GLOBAL MARKETS: Oil drops as Trump calms Iran fears; tech stocks slide in Asia

Oil and gold pull back from record highs as Trump calms Iran fears, while Asian tech stocks see continued selling amid market rotation and Japan braces for snap elections.

January 12, 2026

Kevin Buckland/Reuters

FILE PHOTO: A model of an oil pump is seen in front of the OPEC logo in this illustration taken January 9, 2026.

Dado Ruvic/Reuters

Oil prices retreated from multi-month highs on Thursday and gold eased from a record peak after U.S. President Donald Trump calmed market anxiety over potential U.S. military action against Iran.


A selloff in tech stocks extended into Asian trading, following declines on Wall Street, as investors rotated out of high-flying chip and artificial intelligence-related names while searching for bargains in other parts of the market.


Currencies paused for breath after the yen dropped to its weakest point since July 2024 against the U.S. dollar overnight and then bounced back sharply amid warnings of possible intervention by Japanese authorities.


Japanese bond yields eased back from record peaks following a spike driven by speculation - which was later confirmed - that the government will call snap elections, a scenario that is expected to lead to bigger fiscal stimulus.


Brent crude futures LCOc1 dropped 3.4% to $64.25 and Nymex futures CLc1 sank 3.4% to $59.89, after vaulting as high as $66.82 and $62.36, respectively, in the previous session.


Trump said on Wednesday afternoon that he had been told that killings in Iran's crackdown on nationwide protests were subsiding and he believed there was currently no plan for large-scale executions.


Gold XAU= fell 0.5% to around $4,598 per ounce.
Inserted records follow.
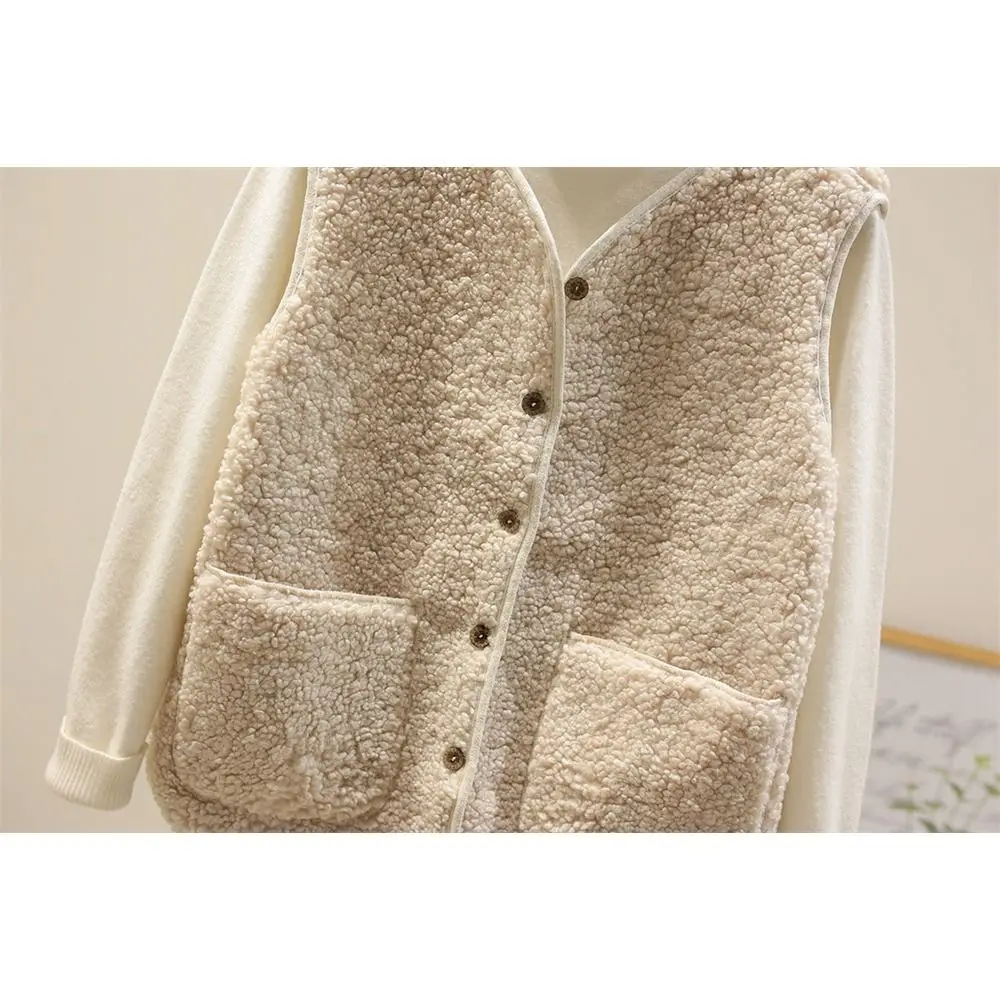 Fashion Lamb Hair Winter Fleece Vests Thermal Solid Color Button Waistcoat Short Type Warm Thick Ladies Coats for Women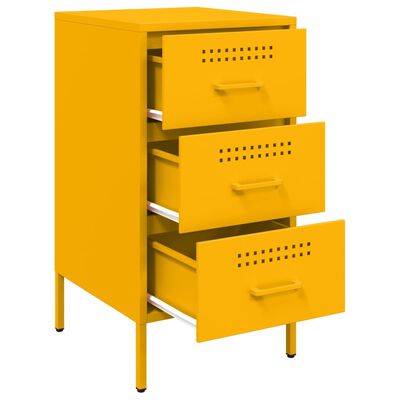 vidaXL Table de chevet jaune moutarde 36x39x68 cm acier laminé à froid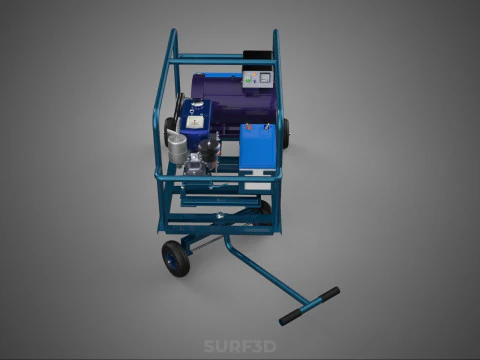ALTERNATOR DYNAMO DIESEL ENGINE POWER GENERATOR SET GENSET MOTOR 3D Model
On Wednesday, it reached an unprecedented $4,642.72.


Stocks in Asia were mixed, but tech shares were met with more selling.
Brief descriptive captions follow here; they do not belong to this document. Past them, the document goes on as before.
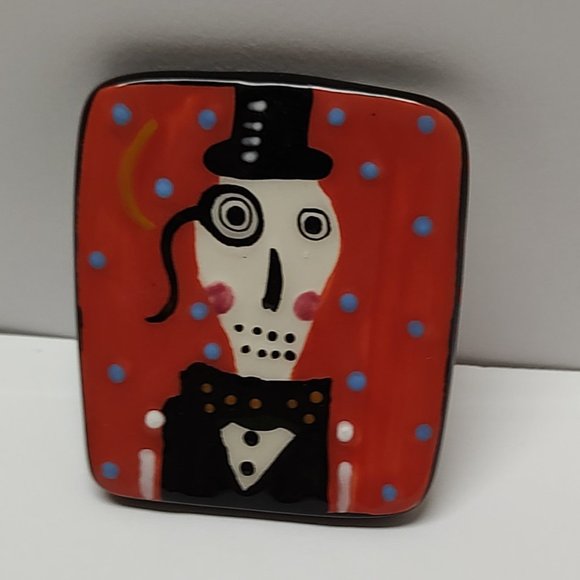 Ceramic Dia De Los Muertos Skeleton Pin - Sharon Bloom - Bethany Lowe - Picture 3 of 4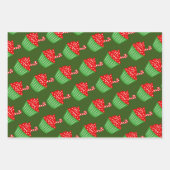 かわいいカップケーキクリスマスラッピング紙シート ラッピングペーパーシート (正面3)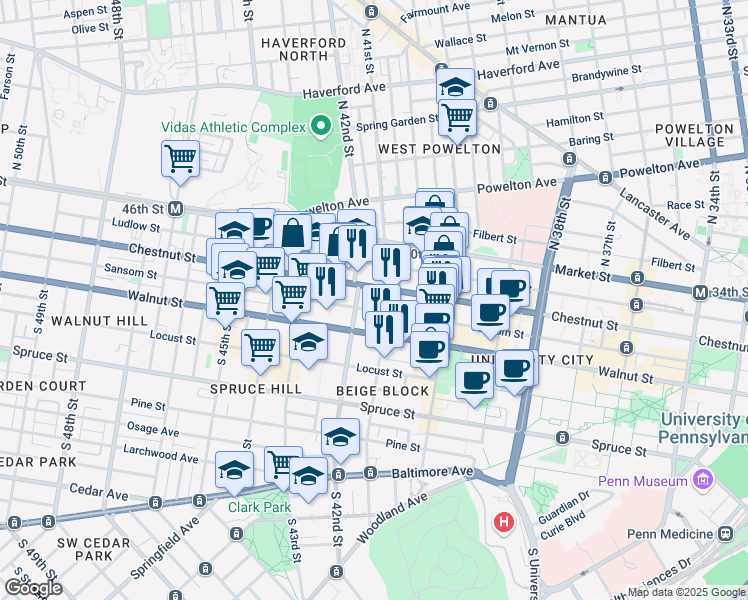 map of restaurants, bars, coffee shops, grocery stores, and more near 4100 Chestnut Street in Philadelphia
In Japan, the tech-heavy Nikkei .N225 eased 0.9% after hitting an all-time peak in the previous session, though the broader Topix .TOPX extended its own record high on Thursday with a 0.8% advance.


Taiwan's TAIEX .TWII sank 0.4% and Hong Kong's Hang Seng .HSI slipped 0.5%, with tech shares weighing.


Chinese blue chips .CSI300 edged 0.1% lower, while South Korea's KOSPI .KS11 added as much as 1.3% to a fresh record high. The Bank of Korea left interest rates unchanged on Thursday, as expected by economists, and signalled an end to its current easing cycle to prioritize financial stability.


FTSE futures FFIc1 pointed 0.6% higher, suggesting the cash index would open with an extension of its record high from Wednesday. Pan-European STOXX 50 futures STXEc1 tacked on 0.3%.


S&P 500 E-mini futures EScv1 were flat after the cash index .SPX sank 0.5% overnight. The tech-focused Nasdaq Composite .IXIC dropped 1%.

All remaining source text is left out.